Sphingosine 1-phosphate (S1P) is a lipid metabolite and signaling molecule involved in many different physiological processes including lymphocyte circulation, T cell differentiation, antigen presentation, and maintenance of the vascular endothelial barrier. S1P is a ligand of five different G protein-coupled cell surface receptors designated S1P1-5. It has also been described as an intracellular second messenger. Quantification of S1P in biological samples is therefore an important task to decipher its signaling capabilities in vivo under physiological and pathophysiological conditions in different body fluids and organs.
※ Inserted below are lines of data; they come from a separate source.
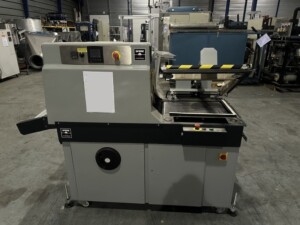 Scelleuse avec four de rétraction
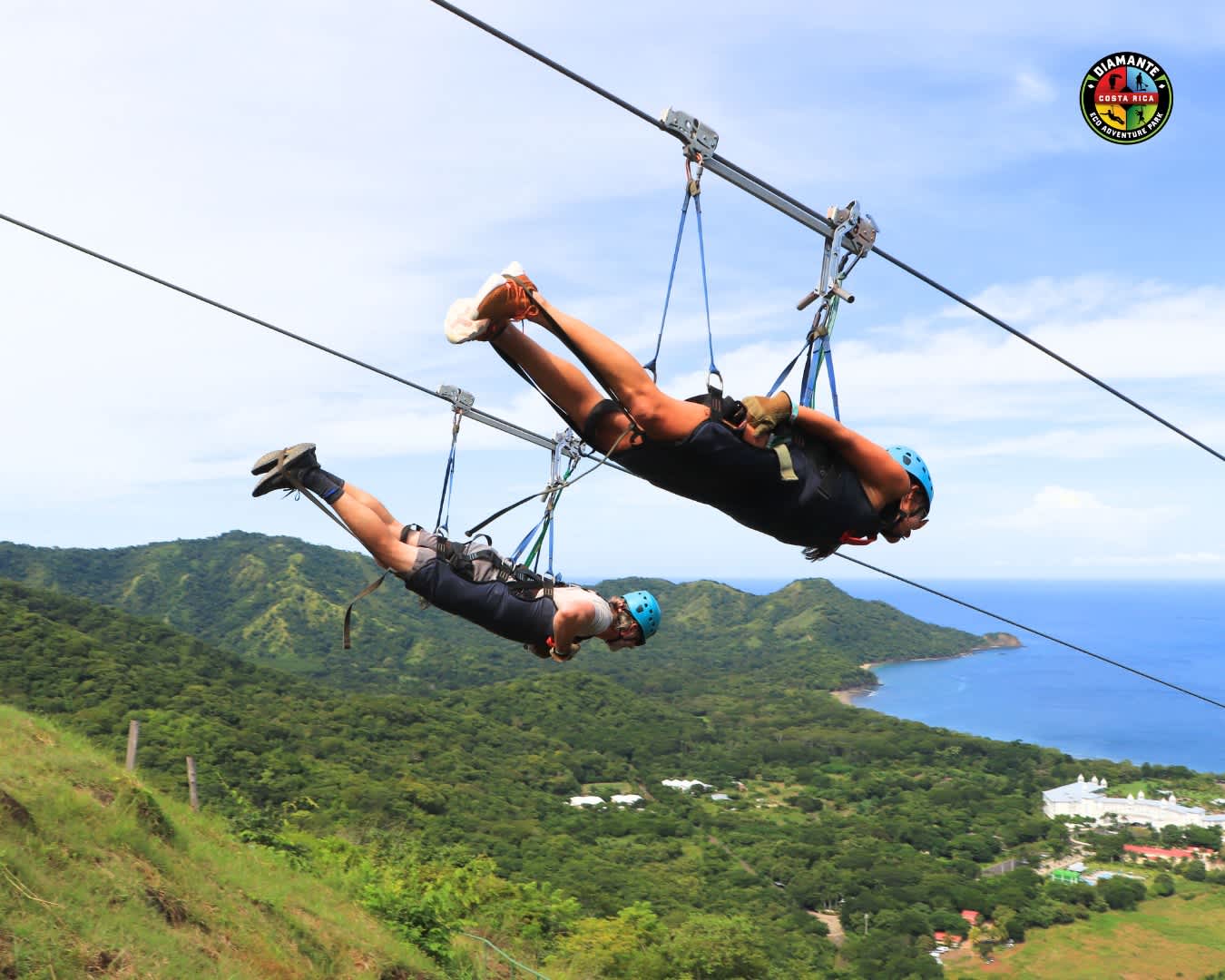 Two people ziplining over lush green hills with an ocean view in Costa Rica.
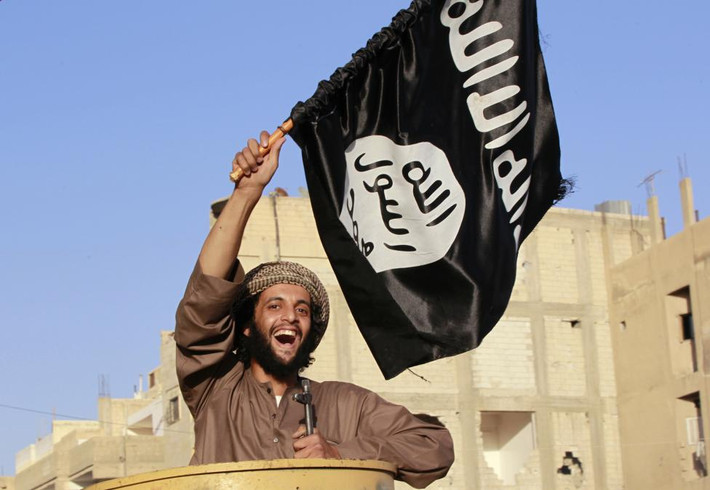 Nhóm phiến quân Hồi giáo (IS) đang nổi lên là một lực lượng đáng gờm trong cuộc chiến Syria. Trong ảnh, một chiến binh IS vẫy cờ đen khi diễu phố dọc các con đường ở Aleppo ngày 30/6/2014.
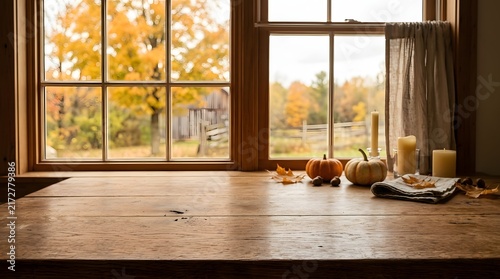Thanksgiving day wooden countertop with autumn window view pumpkins candles fall scenery pumpkins
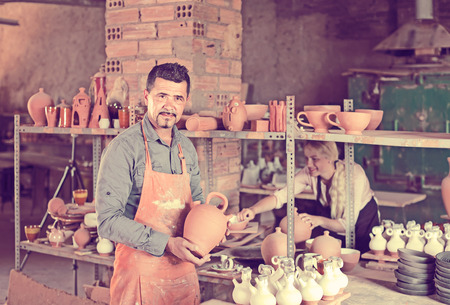 Smiling american man potter holding ceramic vessels in atelierの写真素材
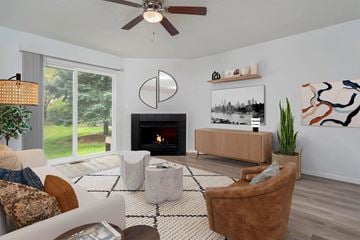 Dublin apartment for rent - A living room with a fireplace and a painting on the wall.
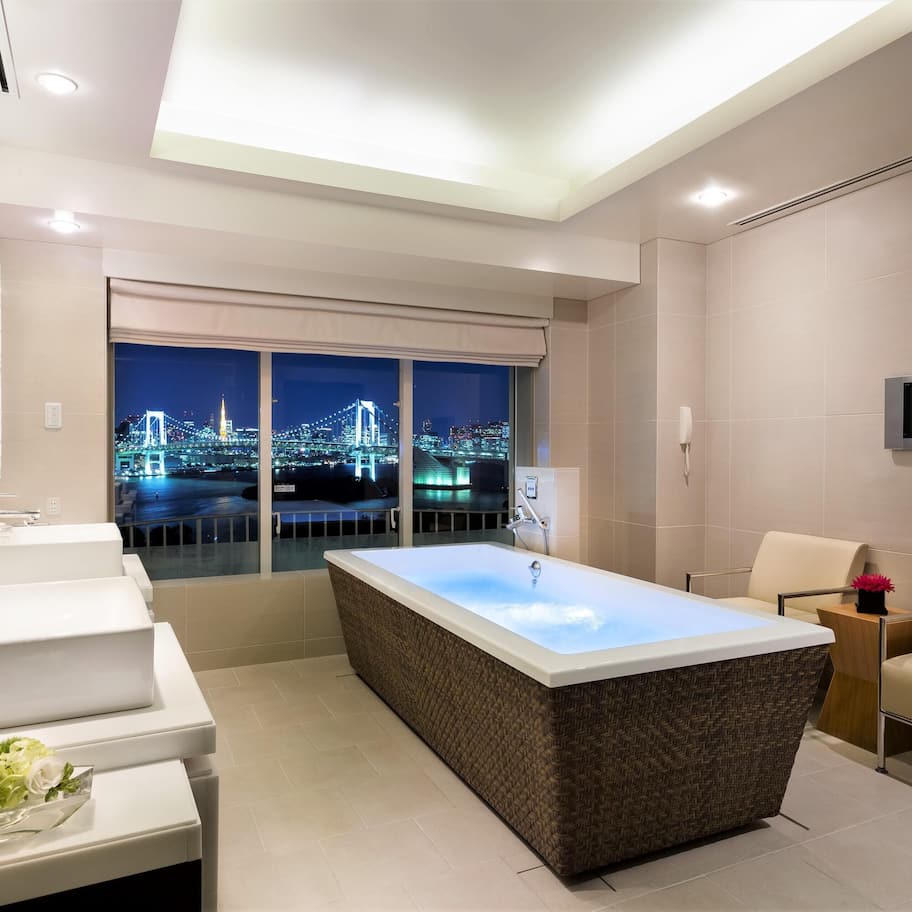 A modern bathroom with a large bathtub, a vanity with a mirror, and a television mounted on the wall.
In this protocol, quantification of S1P is performed by liquid chromatography coupled to triple-quadrupole mass spectrometry (LC-MS/MS).

Keywords: Liquid chromatography(液相色谱法), Mass spectrometry(质谱法), Triple-quadrupole(三重四极), Sphingolipid(鞘脂), Electrospray ionization(电喷雾电离)

Materials and Reagents

  1. Chloroform (CHCl3) (HPLC-Grade) (Carl Roth GmbH + Co., catalog number: 7331.1 )
  2. Methanol (MeOH) (HPLC-Grade) (VWR International, catalog number: 20864.320 )
  3. Formic acid (Carl Roth, catalog number: 4742.1 )
  4. Sphingosine 1-phosphate (S1P) (Sigma-Aldrich, catalog number: S9666 )
  5. C17-S1P (Avanti Polar Lipids, catalog number: 860641P )
  6. Hydrochloric acid (HCl) (37%) (Carl Roth GmbH + Co., catalog number: 9277.1 )
  7. Sodium chloride (NaCl) (Carl Roth GmbH + Co., catalog number: 3957.3 )
  8. Potassium chloride (KCl) (Carl Roth GmbH + Co., catalog number: 6781.3 )
  9. di-Sodium hydrogen phosphate dehydrate (Na2HPO4.2H2O) (Carl Roth GmbH + Co., catalog number: 4984.2 )
  10. Potassium dihydrogen phosphate (KH2PO4) (Carl Roth GmbH + Co., catalog number: 3904.1 )
  11. Phosphate-buffered saline (see Recipes)

Equipment

  1. S1P extraction
    1. VX-2500 vortexer (VWR International, catalog number: 58816-116 )
    2. Pyrex® glass centrifuge vials (VWR International, catalog number: 734-4240 )
    3. RVC 2-25 CD plus vacuum concentrator (Christ)
    4. Autosampler vials (VWR International, catalog number: 548-0029 )
      Note: It is also named “Short thread vials, ND9” on VWR International website.
    5. Inserts for autosampler vials (VWR International, catalog number: 548-3006 )
      Note: It is also named “Screw neck vials, ND10” on VWR International website.
    6. Screw caps for autosampler vials (VWR International, catalog number: 548-0382 )
  2. LC-MS/MS
    1. Binary pump 1100 series HPLC system (Hewlett Packard/Agilent)
    2. 2 x 60 mm MultoHigh C18-RP column, 3 µm particle size (CS Chromatographie-Service GmbH, catalog number: 536201 )
    3. 2000 QTrap LC/MS/MS system (AB Sciex)

Software

  1. Analyst 1.6.2 (AB Sciex)

Procedure

  1. S1P extraction protocol
    Note: All following steps are performed at room temperature if not stated otherwise.
    1. Transfer the sample (plasma, medium, cell suspension) into a glass centrifuge vial and adjust the volume to 1 ml with PBS. Samples were prepared as follows:
      1. 50-200 µl plasma was taken from heparinized blood.
      2. 1 ml medium was directly taken from cell culture.
      3. Cells were trypsinized, washed once in PBS and taken up in 1 ml PBS.
        Note: All samples can be processed directly or stored at -20 °C to -80 °C until use.
    2. Add 10 µl of the internal standard (10 μM C17- S1P in MeOH).
    3. Add 300 µl of 18.5% HCl.
    4. Add 1 ml MeOH and 2 ml CHCl3.
    5. Vortex for 10 min at maximum speed.
    6. Centrifuge the sample for 3 min at 1,900 x g.
    7. Transfer the lower CHCl3 phase into a new glass centrifuge vial by directly placing the pipet into the lower phase (see Figure 1).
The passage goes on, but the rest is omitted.